En fait, Jean-Marie Vincent élargit l’emploi de la catégorie d’abstraction réelle. Le « glossaire » de son livre Un autre Marx les définit comme des « formes de pensée sociale ossifiées qui organisent des pratiques et des institutions par-dessus la tête des hommes ». À la lecture de ses textes, il me semble qu’il vaudrait mieux les caractériser de formes sociales objectives ; étant entendu que l’objectivité sociale comporte toujours une dimension idéelle.
Cela dit, la thématique des abstractions réelles m’a toujours semblé très pertinente pour traiter des formes d’objectivation du social générées par le capitalisme, ainsi que des formes de domination sur les individus et des formes de captation de leur agir qu’elles structurent. Ainsi que l’écrit Marx dans les Grundrisse, « les individus sont désormais dominés par les abstractions alors qu’auparavant ils étaient dépendants les uns des autres » (Pléiade, t.2, p. 217).

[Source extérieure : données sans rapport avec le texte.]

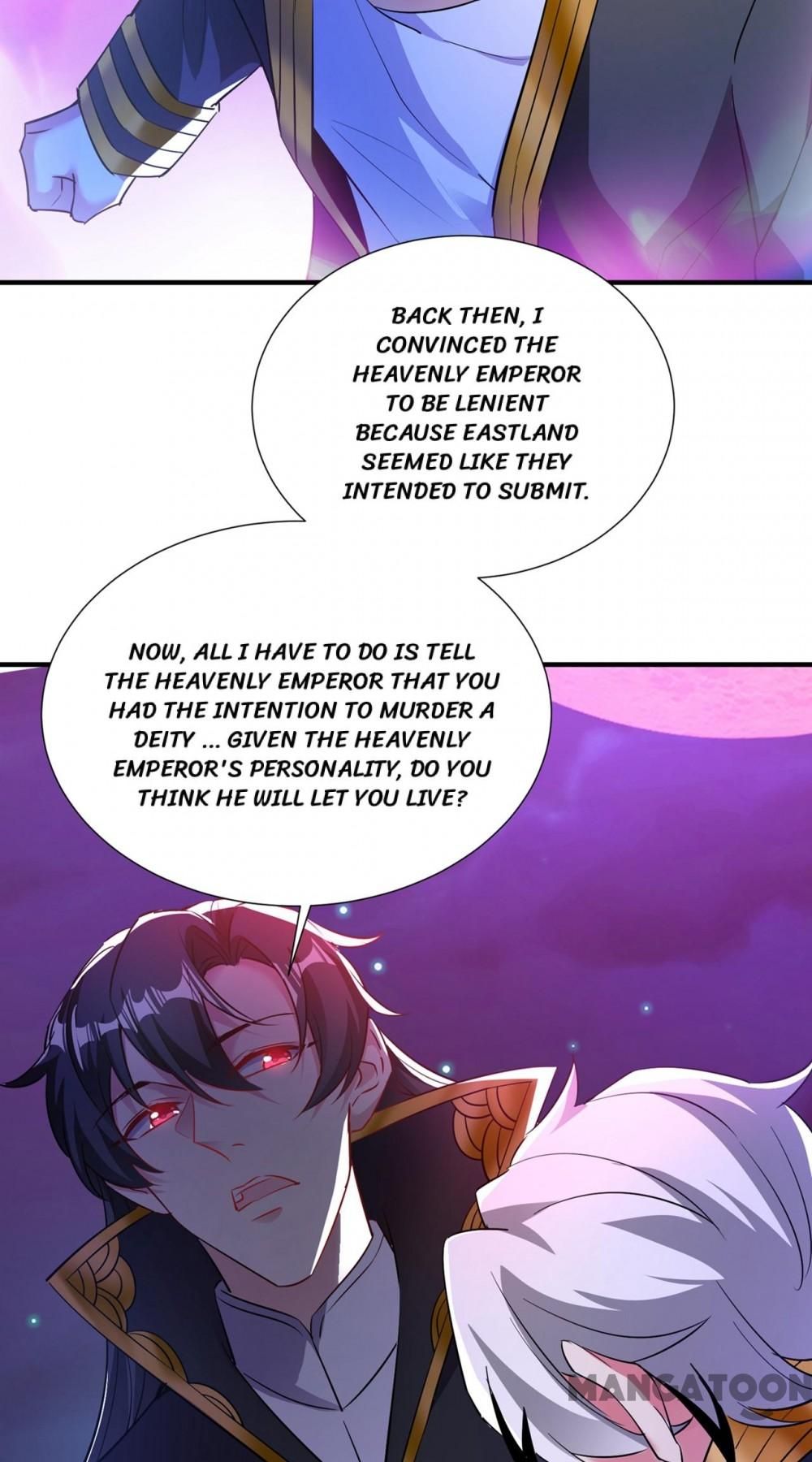 Page 21 of Chapter 160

La thématique me paraît toujours pertinente, mais je voudrais souligner une question apparue lors d échanges entre Tran Hai Hac et moi-même sur le thème « travail abstrait et travail en général » : elle porte sur les problèmes de conceptualisation liée à la catégorie de travail. Ils paraîtront dans le prochain numéro de Variations, la revue que dirigeait Jean-Marie Vincent. Il voulait d’ailleurs intervenir dans cette discussion. Je le signale simplement pour montrer qu’il semble aujourd’hui possible de réactiver des discussions autour du Capital qui, il y a encore peu de temps, auraient semblé totalement hallucinées. La présence de Jean-Marie Vincent aurait été bien précieuse.
Grosso modo, la question est la suivante. Si, au sens strict – ce que je crois -, la forme d’existence sociale du travail abstrait est la monnaie, alors en avoir, comme Jean-Marie Vincent, une vision extensive pour en faire une abstraction réelle au visage multiple risque de diluer la rigueur de sa définition. Il m’avait répondu que cela mettait en jeu une autre thématique qui lui était chère : celle des métamorphoses de la forme valeur. C’est-à-dire, le fait que les formes économiques liées au procès de valorisation sont en flux et en transformation permanent. Ainsi, le capital revêt les formes de capital argent, de capital constant, de capital variable etc. Cela ouvre sur une autre discussion. Jean-Marie Vincent soulignait comment le « retour » à Hegel opéré par Marx dans Le Capital lui donnait des outils pour rendre compte des métamorphoses de la forme valeur. Et il fait de cette dernière une substance sujet, modelant à travers ses métamorphoses l’ensemble des rapports sociaux.
Cette approche a permis à Jean-Marie Vincent d’écrire des pages éblouissantes sur la dialectique des formes sociales capitalistes. Mais elle portait avec elle une certaine fluidité, dans la définition des concepts et des rapports entre les divers niveaux d’abstraction mis en œuvre dans les analyses du Capital, qui brouillait parfois les pistes.